As you point out it's been a tough ride since reporting season which was tough. Investors were not impressed with weaker than expected earnings guidance for next year from Aussie companies. So overall, we've seen it's increasingly difficult for the average Aussie company to grow profits when the rate of growth in the economy broadly is slowing.

Larry Williams:
Well that makes your job hard as a manager of a portfolio of Australian shares?

Manuel Greenland:
Well interestingly we think it throws up opportunity. What we have seen are instances of very good companies, with very good reasons for reducing their short-term profit guidance, having their shares heavily sold off. So that gives us an opportunity to buy quality companies at discounted prices.

Larry Williams:
Yes, the Australian credit bureau company Veda was one that was sold off on results and then had a foreign company bid for it didn't it?

Manuel Greenland:
Yes and that is a very good example. Veda is Australia's leading credit bureau with four decades of credit data which it uses to help lenders make decisions. A change in regulation in Australia will see credit bureaus access more credit data than they could historically, which in turn will allow them to provide lenders with much more comprehensive credit reports. So Veda expects significant growth ahead, and has to make investments now to support this growth in the future. The market sold the share on the expectation of weaker short-term profits. A global leader in the space promptly stepped in and said, "Thank you very much Mr. Australian market, I'll have that and happily pay you a 30% premium to what you think this is worth".  

Larry Williams:
So essentially the Australian market chucked the baby out of the window with the dirty bath water on Veda — are you seeing more of this?

Manuel Greenland:
Yes we are. Another good example is online job ad business Seek which was heavily sold off after its result on a very similar story. The company is evolving from a pure advertising business and developing a database of candidate profiles which employers can search when they have a vacancy. This makes a lot of sense because employers can search everyone who may fill the needs of a vacancy, rather than just those people looking at job adverts.

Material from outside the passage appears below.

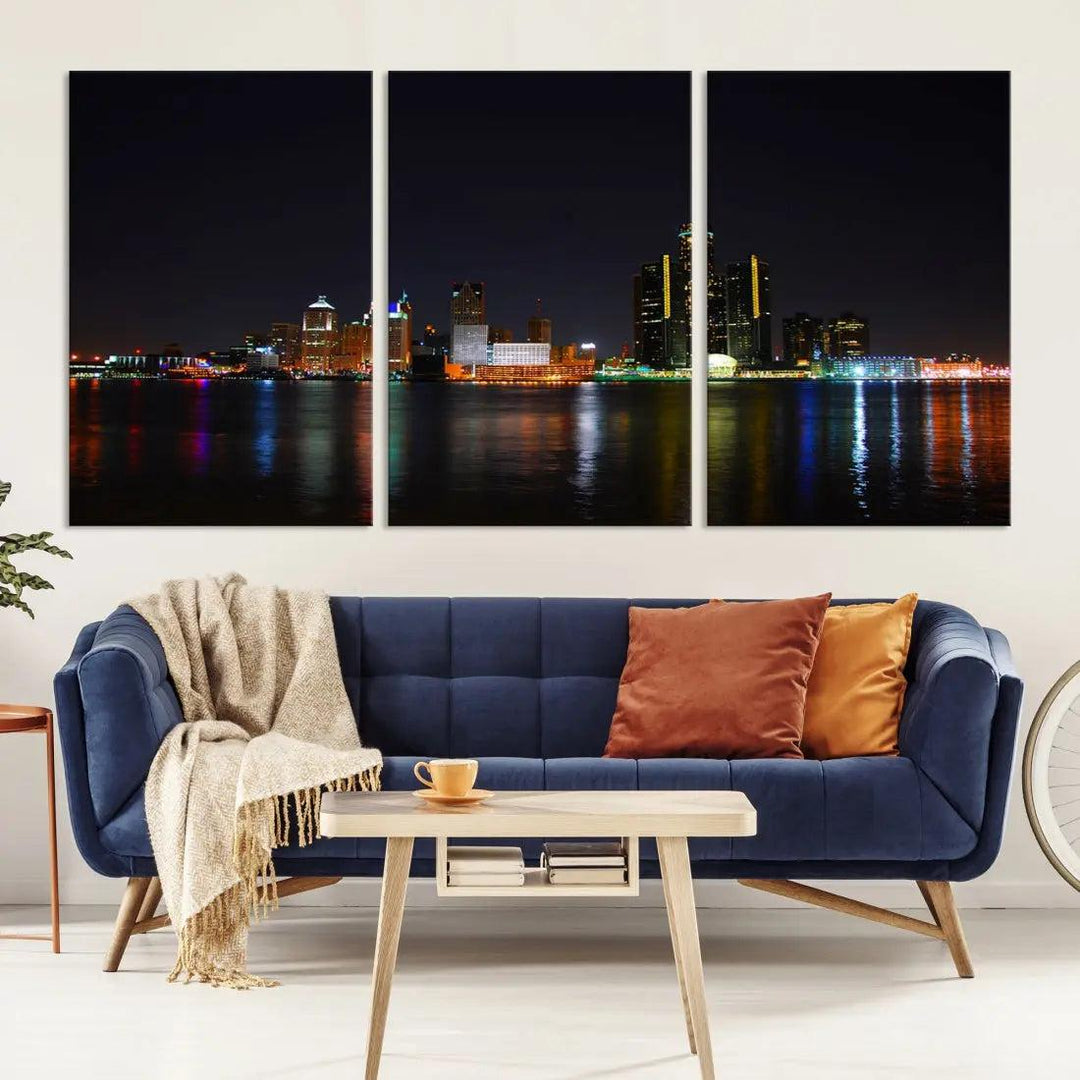 Detroit Night City Lights Reflections Skyline Wall Art Canvas Print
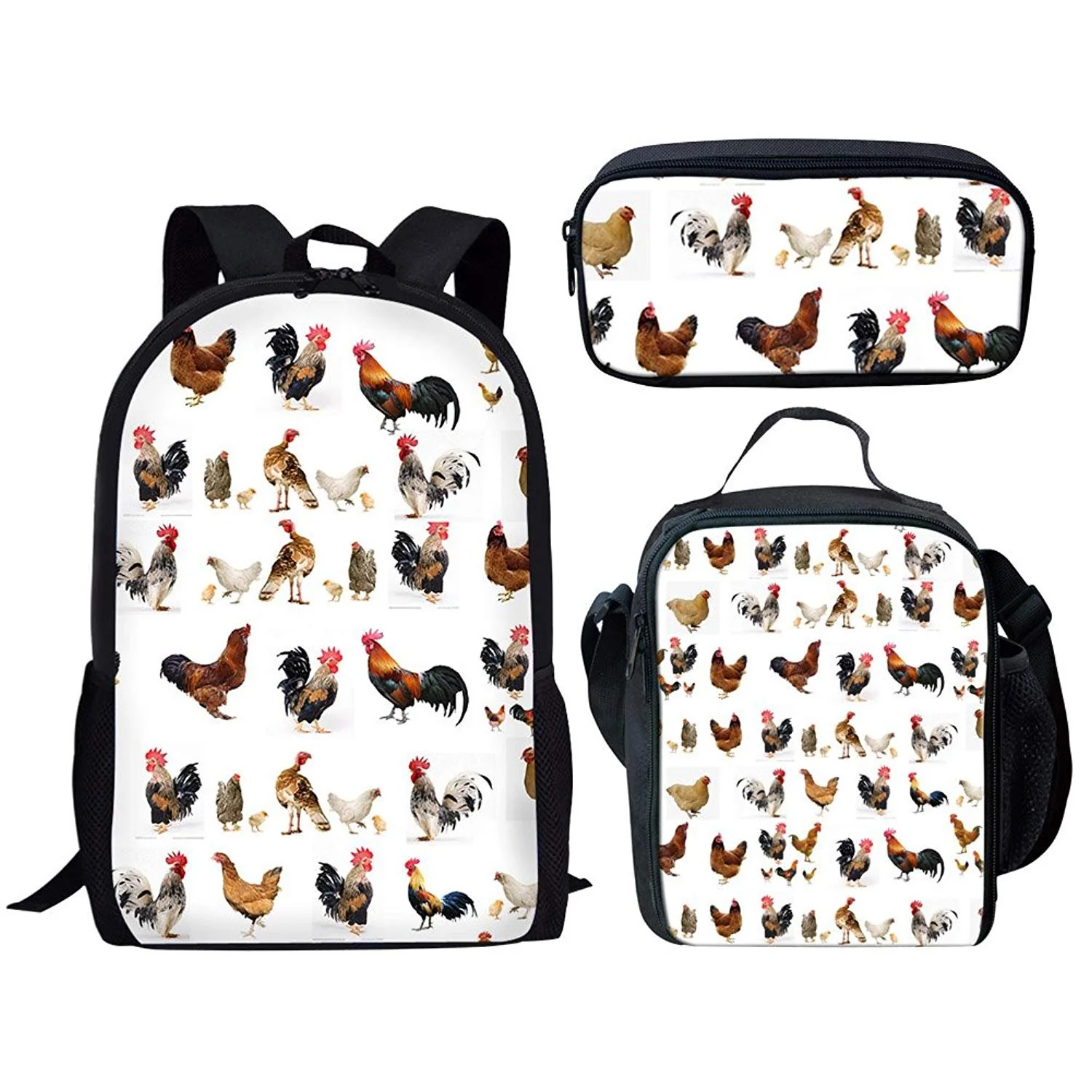 Premium doginthehole Chicken Print Backpack Set 3 Piece Shoulder School Book Bags for Kids Boys Girls Artisan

LinkedIn has already done this and makes a lot of money from it. Again though when Seek told the market that it would need to invest to make this happen, the share sold off as investors reacted to the short-term earnings impact rather than the long-term growth possibilities.  So there are several of these kinds of instances we're seeing.

Larry Williams:
I guess most of the focus in Australia at the moment is about commodity prices and mining companies?

Manuel Greenland:
Absolutely. The most common question I get about Australia is "what should I do with my mining shares?" I think for now capturing great investment returns in Australia will depend more on careful stock selection than it did when the commodity prices were rising and the economy was growing rapidly. It is a broad market with lots of investment alternatives — you just want to make sure you've thought properly about your choices.